In [1]:
%load_ext autoreload
%autoreload 2

In [2]:
from dataval.dataset import WeatherDataset
from dataval.train import Trainer

import os
import matplotlib.pyplot as plt
import modal
import pandas as pd

In [3]:
image = (
    modal.Image.debian_slim()
    .pip_install_from_requirements("requirements.txt")
    .pip_install(["tensorflow-data-validation", "tensorflow_metadata"])
)
stub = modal.Stub("tfdv-tutorial", image=image)

# Drift Detection

Schema validation catches some, but not all, corruptions. In this notebook, we leverage TFDV's drift detection tool to see if all corruptions are identified.

In [4]:
# Load dataset

ds = WeatherDataset(os.path.join(os.getcwd(), "canonical-partitioned-dataset"), sample_frac=0.2)

In [5]:
def train_and_test(train_df, test_df):
    X_train, y_train = ds.split_feature_label(train_df)

    catboost_hparams = {"depth": 5, "iterations": 250, "learning_rate": 0.03, "loss_function": "RMSE"}
    continual_t = Trainer(catboost_hparams)
    continual_t.fit(X_train, y_train, verbose=False)
    print(f"Train MSE for partition {ds.get_partition_key(train_df)}: {continual_t.score(X_train, y_train)}")

    # Evaluate
    X_test, y_test = ds.split_feature_label(test_df)
    print(f"Test MSE for partition {ds.get_partition_key(test_df)}: {continual_t.score(X_test, y_test)}")
    
    return continual_t

In [6]:
train_df = ds.load(ds.get_partition_keys()[0])
test_df = ds.load(ds.get_partition_keys()[1])

In [9]:
t = train_and_test(train_df, test_df)
t.get_feature_importance().head(5)

Train MSE for partition 2018_35: 4.074896379948685
Test MSE for partition 2018_36: 4.797844923928596


Unnamed: 0,feature,importance
6,cmc_0_0_0_2_interpolated,19.153059
89,gfs_temperature_sea_interpolated,15.313095
87,gfs_temperature_sea,12.796032
109,wrf_t2_interpolated,11.163675
8,cmc_0_0_0_2,6.928703


## Check for skew between train and test partitions

We use TFDV to infer the schema of the train partition and then check the test partition for skew.

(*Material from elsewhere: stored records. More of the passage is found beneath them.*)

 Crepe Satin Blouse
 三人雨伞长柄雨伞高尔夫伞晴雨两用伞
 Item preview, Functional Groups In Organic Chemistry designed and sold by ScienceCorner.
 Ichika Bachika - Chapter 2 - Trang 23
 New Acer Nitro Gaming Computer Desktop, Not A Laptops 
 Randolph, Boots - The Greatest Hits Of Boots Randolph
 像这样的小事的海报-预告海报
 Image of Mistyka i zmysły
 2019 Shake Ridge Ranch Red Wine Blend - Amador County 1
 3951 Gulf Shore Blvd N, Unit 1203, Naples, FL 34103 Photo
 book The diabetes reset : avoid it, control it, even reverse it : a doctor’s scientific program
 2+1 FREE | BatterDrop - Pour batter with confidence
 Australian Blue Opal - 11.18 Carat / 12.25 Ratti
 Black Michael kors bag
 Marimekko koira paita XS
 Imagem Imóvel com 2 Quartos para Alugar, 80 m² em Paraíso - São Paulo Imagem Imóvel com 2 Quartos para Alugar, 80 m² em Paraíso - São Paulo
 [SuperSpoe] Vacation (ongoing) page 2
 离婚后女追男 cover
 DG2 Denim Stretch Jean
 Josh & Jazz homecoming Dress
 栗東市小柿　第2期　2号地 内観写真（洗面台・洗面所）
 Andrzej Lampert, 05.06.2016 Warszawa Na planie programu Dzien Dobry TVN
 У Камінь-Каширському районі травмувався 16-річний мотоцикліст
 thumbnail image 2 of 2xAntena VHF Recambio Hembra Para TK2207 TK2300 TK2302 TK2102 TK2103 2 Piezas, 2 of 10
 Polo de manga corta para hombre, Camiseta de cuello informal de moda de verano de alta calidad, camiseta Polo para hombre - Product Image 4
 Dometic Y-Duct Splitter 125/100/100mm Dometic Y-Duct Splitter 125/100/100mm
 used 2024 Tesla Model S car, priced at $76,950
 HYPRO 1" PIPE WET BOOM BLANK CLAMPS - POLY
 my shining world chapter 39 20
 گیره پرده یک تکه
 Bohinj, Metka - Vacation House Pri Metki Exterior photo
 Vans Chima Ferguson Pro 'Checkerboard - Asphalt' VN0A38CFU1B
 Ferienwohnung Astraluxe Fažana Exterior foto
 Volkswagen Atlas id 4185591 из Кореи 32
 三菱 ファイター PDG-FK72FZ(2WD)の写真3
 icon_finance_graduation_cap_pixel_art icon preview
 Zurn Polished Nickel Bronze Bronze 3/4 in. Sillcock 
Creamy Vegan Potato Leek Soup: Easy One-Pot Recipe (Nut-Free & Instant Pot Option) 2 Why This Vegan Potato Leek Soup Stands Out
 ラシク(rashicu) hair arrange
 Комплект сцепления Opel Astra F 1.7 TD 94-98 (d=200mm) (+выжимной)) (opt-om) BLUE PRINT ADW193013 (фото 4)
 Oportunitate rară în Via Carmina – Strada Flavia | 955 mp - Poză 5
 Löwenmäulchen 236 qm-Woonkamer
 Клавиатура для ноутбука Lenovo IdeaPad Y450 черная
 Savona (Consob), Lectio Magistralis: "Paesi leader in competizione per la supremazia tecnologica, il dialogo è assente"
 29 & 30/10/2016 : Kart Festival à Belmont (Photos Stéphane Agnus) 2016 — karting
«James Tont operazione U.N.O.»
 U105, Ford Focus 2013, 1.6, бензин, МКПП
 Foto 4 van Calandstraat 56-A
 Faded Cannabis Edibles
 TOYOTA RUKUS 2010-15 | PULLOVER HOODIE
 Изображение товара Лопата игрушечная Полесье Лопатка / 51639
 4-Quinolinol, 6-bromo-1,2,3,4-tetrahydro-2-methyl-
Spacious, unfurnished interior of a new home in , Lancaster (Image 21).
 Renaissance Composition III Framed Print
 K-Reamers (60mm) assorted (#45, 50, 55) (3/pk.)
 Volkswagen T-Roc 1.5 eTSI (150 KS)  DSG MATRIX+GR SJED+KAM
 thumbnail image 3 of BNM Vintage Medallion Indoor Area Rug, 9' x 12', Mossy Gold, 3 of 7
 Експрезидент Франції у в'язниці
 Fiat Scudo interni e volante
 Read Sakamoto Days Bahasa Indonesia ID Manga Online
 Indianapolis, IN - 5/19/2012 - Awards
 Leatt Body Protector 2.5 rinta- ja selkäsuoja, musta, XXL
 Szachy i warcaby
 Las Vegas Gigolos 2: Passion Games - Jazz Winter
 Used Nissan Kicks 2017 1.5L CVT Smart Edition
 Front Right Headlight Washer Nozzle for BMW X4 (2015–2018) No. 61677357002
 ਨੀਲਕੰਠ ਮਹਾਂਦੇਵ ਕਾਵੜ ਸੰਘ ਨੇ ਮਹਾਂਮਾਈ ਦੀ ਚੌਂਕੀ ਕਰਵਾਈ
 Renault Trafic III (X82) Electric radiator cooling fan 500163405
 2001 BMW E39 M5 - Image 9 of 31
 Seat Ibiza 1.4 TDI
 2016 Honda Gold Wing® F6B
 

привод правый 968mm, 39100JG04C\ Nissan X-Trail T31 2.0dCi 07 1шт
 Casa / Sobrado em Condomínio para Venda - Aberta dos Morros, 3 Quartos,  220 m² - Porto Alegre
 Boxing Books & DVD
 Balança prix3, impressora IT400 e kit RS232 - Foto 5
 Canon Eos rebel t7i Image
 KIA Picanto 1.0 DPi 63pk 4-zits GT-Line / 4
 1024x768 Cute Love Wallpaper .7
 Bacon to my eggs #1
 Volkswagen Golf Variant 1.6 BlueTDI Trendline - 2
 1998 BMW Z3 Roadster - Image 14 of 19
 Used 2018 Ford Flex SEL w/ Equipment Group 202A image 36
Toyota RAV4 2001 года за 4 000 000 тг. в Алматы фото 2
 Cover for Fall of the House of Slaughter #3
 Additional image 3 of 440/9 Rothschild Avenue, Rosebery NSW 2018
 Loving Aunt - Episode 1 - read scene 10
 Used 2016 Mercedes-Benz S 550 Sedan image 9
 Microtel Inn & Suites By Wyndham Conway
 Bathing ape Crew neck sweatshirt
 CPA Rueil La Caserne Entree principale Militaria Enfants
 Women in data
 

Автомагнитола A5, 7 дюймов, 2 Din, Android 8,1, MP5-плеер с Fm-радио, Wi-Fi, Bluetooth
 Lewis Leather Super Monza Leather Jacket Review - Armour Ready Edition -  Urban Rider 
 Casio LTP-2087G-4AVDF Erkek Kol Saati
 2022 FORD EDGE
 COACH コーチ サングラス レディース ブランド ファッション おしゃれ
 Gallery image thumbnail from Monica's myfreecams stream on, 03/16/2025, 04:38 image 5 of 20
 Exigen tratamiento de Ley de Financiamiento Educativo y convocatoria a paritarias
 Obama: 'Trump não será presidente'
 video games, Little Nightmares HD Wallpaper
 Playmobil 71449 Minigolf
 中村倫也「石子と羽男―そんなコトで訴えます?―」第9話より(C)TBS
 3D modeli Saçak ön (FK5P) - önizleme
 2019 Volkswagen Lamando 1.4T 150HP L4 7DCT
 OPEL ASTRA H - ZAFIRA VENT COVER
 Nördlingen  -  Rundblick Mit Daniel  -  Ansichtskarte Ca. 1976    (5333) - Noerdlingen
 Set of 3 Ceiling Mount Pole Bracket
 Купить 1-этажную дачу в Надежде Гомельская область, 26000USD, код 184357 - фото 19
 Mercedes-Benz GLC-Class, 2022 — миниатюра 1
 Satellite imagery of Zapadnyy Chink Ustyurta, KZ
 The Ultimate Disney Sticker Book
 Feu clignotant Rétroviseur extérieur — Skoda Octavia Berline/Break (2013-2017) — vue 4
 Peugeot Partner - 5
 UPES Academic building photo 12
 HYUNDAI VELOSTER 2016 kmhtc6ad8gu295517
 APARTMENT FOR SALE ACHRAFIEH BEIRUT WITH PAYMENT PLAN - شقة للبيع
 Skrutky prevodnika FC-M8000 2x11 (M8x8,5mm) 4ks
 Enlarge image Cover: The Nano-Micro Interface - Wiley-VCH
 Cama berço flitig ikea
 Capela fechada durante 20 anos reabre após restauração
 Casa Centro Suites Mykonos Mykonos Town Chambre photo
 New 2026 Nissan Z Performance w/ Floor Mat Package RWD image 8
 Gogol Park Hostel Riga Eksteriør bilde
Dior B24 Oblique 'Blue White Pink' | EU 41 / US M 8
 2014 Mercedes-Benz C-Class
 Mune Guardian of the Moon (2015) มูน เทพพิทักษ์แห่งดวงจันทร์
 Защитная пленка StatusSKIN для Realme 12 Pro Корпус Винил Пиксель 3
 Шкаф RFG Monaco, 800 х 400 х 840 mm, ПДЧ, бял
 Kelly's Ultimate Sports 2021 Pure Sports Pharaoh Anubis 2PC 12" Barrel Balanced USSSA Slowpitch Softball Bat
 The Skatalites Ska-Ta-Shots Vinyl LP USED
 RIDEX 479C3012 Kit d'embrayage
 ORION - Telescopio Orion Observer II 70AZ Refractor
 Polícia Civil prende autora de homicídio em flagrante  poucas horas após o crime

TFDV checks for distribution shift.

In [19]:
@stub.function
def check_skew(train_df, test_df, feature_columns):
    import tensorflow_data_validation as tfdv
    from google.protobuf.json_format import MessageToDict
    
    train_stats =  tfdv.generate_statistics_from_dataframe(train_df)
    schema = tfdv.infer_schema(statistics=train_stats)
    test_stats = tfdv.generate_statistics_from_dataframe(test_df)
    
    for feature in feature_columns:
        tfdv.get_feature(schema, feature).skew_comparator.jensen_shannon_divergence.threshold = 0.1

    skew_anomalies = tfdv.validate_statistics(statistics=train_stats, schema=schema, serving_statistics=test_stats)
    anomalies_df = tfdv.utils.display_util.get_anomalies_dataframe(skew_anomalies)

    return anomalies_df

In [20]:
# Run on regular train and test data

with stub.run():
    X_train, _ = ds.split_feature_label(train_df)
    X_test, _ = ds.split_feature_label(test_df)
    anomalies = check_skew.call(X_train, X_test, X_train.columns.values)

In [26]:
pd.options.display.max_colwidth = 100
anomalies

Unnamed: 0_level_0,Anomaly short description,Anomaly long description
Feature name,Unnamed: 1_level_1,Unnamed: 2_level_1
'cmc_0_1_65_0_grad',High approximate Jensen-Shannon divergence between training and serving,The approximate Jensen-Shannon divergence between training and serving is 0.160324 (up to six si...
'cmc_0_0_0_925',High approximate Jensen-Shannon divergence between training and serving,The approximate Jensen-Shannon divergence between training and serving is 0.188829 (up to six si...
'cmc_0_0_0_2_interpolated',High approximate Jensen-Shannon divergence between training and serving,The approximate Jensen-Shannon divergence between training and serving is 0.222345 (up to six si...
'cmc_0_0_0_2_next',High approximate Jensen-Shannon divergence between training and serving,The approximate Jensen-Shannon divergence between training and serving is 0.224824 (up to six si...
'cmc_0_1_68_0_next',High approximate Jensen-Shannon divergence between training and serving,The approximate Jensen-Shannon divergence between training and serving is 0.992944 (up to six si...
'cmc_0_1_67_0_next',High approximate Jensen-Shannon divergence between training and serving,The approximate Jensen-Shannon divergence between training and serving is 0.818735 (up to six si...
'cmc_0_0_0_700',High approximate Jensen-Shannon divergence between training and serving,The approximate Jensen-Shannon divergence between training and serving is 0.23262 (up to six sig...
'cmc_0_3_1_0',High approximate Jensen-Shannon divergence between training and serving,The approximate Jensen-Shannon divergence between training and serving is 0.534912 (up to six si...
'gfs_2m_dewpoint_grad',High approximate Jensen-Shannon divergence between training and serving,The approximate Jensen-Shannon divergence between training and serving is 0.116569 (up to six si...
'cmc_0_1_68_0_grad',High approximate Jensen-Shannon divergence between training and serving,The approximate Jensen-Shannon divergence between training and serving is 0.998486 (up to six si...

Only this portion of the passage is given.